== What is required ==
From the listing below, set down exactly the lines between the one holding "Romwe Lace Insert Lace Up Sleeveless Top" and the one holding "Modern Large Tropical", inclusive. No other line is wanted.

== Dataset extract ==
********************

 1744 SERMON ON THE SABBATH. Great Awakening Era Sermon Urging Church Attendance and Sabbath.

********************

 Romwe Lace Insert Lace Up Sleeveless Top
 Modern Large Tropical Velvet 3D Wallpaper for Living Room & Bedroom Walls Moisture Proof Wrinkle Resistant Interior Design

********************

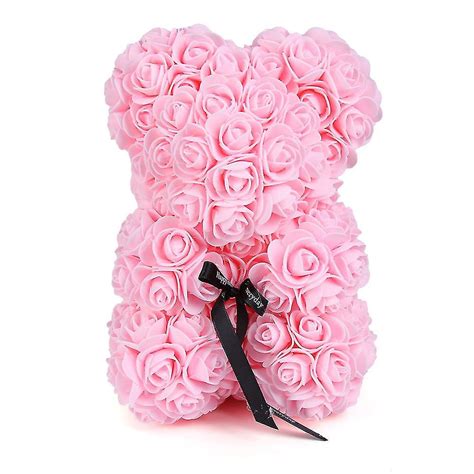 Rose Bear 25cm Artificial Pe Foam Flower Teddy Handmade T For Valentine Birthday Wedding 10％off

********************

== Solution ==
 Romwe Lace Insert Lace Up Sleeveless Top
 Modern Large Tropical Velvet 3D Wallpaper for Living Room & Bedroom Walls Moisture Proof Wrinkle Resistant Interior Design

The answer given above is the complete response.